El Hotel Budapest es justamente eso: el cadáver insepulto de una época en donde todavía se creía que la virtud residía en los versos, en esos poemas interruptus que leía el servicio antes de almorzar en sus oscuras y húmedas catacumbas. Todo eso lo entendemos, claro que sí, pero tal vez yo pertenezco a una época en la que no importaba tanto la forma sino los sentimientos que irradiaba una pantalla de cine y en donde definitivamente no era tan importante demostrar a través del celuloide que uno puede llegar a ser un genio incomprendido y frío.

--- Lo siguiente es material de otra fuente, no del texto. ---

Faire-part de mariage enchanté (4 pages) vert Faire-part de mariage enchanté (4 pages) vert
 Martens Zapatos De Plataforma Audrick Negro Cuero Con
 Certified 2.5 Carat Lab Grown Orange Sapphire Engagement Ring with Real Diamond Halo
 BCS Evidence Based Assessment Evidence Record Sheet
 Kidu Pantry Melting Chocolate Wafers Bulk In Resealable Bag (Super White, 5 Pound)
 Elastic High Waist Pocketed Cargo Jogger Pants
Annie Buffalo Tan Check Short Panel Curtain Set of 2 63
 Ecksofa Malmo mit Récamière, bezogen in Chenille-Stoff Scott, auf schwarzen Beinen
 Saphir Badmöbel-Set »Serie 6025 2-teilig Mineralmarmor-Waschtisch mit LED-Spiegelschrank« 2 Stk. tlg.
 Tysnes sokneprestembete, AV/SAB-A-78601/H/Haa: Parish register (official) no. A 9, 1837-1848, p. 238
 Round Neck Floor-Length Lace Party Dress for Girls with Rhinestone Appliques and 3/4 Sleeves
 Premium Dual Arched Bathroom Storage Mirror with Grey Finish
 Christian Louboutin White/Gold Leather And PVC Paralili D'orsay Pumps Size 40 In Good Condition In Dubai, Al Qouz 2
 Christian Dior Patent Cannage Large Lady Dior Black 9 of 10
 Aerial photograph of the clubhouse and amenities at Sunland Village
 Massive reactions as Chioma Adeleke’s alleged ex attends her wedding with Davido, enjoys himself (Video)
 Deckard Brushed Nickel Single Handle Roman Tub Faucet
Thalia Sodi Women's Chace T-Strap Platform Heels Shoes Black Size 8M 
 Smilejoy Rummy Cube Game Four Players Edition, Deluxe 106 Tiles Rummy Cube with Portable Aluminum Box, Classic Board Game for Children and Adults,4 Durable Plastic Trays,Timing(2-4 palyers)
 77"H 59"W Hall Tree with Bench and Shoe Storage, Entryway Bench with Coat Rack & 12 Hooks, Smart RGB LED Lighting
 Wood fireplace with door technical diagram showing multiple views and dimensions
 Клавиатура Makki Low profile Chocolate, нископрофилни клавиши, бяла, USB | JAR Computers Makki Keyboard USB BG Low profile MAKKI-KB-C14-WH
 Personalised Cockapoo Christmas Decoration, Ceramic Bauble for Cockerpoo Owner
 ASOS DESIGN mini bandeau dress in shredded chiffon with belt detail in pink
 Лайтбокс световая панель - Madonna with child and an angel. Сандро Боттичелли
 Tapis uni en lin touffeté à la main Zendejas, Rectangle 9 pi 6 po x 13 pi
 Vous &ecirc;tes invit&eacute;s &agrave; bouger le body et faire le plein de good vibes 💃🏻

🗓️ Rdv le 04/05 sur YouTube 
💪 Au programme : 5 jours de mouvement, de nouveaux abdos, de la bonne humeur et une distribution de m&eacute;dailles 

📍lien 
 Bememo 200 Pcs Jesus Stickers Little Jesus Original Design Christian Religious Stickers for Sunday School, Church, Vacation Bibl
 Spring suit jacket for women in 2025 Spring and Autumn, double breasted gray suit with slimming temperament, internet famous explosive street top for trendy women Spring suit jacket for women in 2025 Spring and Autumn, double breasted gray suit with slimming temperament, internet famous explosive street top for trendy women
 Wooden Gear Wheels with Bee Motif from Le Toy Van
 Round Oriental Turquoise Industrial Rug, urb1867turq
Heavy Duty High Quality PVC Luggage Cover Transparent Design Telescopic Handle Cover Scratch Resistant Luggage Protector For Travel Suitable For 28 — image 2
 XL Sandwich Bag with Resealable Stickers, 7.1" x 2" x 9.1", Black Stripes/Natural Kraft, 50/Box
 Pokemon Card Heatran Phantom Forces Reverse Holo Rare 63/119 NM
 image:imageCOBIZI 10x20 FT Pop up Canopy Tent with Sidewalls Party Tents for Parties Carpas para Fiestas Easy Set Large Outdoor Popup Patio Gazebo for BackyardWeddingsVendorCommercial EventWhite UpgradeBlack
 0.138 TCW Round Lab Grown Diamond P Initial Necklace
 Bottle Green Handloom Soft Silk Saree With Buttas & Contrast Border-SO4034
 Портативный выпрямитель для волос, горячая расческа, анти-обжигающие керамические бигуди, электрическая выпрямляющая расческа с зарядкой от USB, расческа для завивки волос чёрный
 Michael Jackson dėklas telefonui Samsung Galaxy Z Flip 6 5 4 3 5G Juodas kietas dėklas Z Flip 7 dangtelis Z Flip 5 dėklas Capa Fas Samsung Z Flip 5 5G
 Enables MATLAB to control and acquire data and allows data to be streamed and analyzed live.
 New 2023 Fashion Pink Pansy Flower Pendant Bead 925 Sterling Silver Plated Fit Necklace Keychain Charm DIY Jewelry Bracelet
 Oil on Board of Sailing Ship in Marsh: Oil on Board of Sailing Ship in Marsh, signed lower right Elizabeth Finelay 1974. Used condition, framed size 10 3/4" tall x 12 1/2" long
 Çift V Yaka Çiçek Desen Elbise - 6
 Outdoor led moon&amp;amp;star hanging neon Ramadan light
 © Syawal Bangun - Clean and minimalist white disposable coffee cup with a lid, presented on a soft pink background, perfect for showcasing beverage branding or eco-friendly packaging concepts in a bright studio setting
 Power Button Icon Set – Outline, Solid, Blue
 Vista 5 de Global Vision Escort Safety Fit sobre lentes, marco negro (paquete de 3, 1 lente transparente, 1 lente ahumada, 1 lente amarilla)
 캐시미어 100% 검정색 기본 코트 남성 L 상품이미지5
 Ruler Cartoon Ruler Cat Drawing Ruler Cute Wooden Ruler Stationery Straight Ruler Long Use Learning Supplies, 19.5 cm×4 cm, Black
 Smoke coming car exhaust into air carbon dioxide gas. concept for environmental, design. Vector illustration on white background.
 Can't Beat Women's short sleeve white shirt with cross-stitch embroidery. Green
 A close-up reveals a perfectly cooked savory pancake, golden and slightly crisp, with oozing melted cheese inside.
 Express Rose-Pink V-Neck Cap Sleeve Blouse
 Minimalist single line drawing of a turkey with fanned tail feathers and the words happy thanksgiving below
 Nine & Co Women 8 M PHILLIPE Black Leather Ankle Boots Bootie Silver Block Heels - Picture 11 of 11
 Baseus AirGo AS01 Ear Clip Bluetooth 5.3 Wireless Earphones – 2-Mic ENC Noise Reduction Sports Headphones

Y los seguidores se paran en los asientos y baten las palmas y se creen muy hipsters porque les gusta Wes Anderson “Y alguna vez ya no iremos al museo sino que los cuadros estarán metidos dentro de la misma película, no habrá ya historia, no habrá emoción” dicen alborozados cuatro muchachitos con bolso Wayuu terciado, boina y perilla. Cada uno de ellos lleva una pipa sin tabaco, por aquello de que fumar esa planta es perjudicial para la salud.
Salgo de la sala de cine en medio de los bostezos, el sueño y por supuesto la evocación: ¡qué tiempos aquellos en donde los genios podían preocuparse por la forma sin abandonar la historia! ¡eran capaces de retratar los sueños sin soltar a los personajes y tenían estilo aunque no eran autorreferenciales! Porque Wes Anderson ha dejado de tener un estilo para caer en la solemnidad de la estatua, cine sólo para satisfacer a los pseudos que lo siguen en legiones, cine incoloro y frígido.
Hoy en día si quieres parecer inteligente debes decir que eres ateo, comunista, indigenista, vegetariano, antisemita y que te fascina el cine de Wes Anderson. No pierdas el tiempo leyendo y viendo las películas de Fellini y Tarkovski porque la verdad la tiene el muchacho texano, el loquillo que por no querer pintar, hace cuadros que se mueven.
La exigua crítica nacional lo alaba con fanatismo. Su refinamiento y esnobismo los obliga a caer en esa unanimidad. Eso sí, las comedias marihuaneras y revolucionarias de Seth Rogen han sido miradas como rezagos de los reaccionarios años 80. ¿Cuándo se publicará un ensayo sobre Breaking bad, Game of Thrones o House of cards? Bastarán unos cuantos años, los mismos que necesitan nuestros comentaristas de cine para salir del asombro en que los ha sumido estos museos parlanchines en los que se han convertido las películas de Wes Anderson.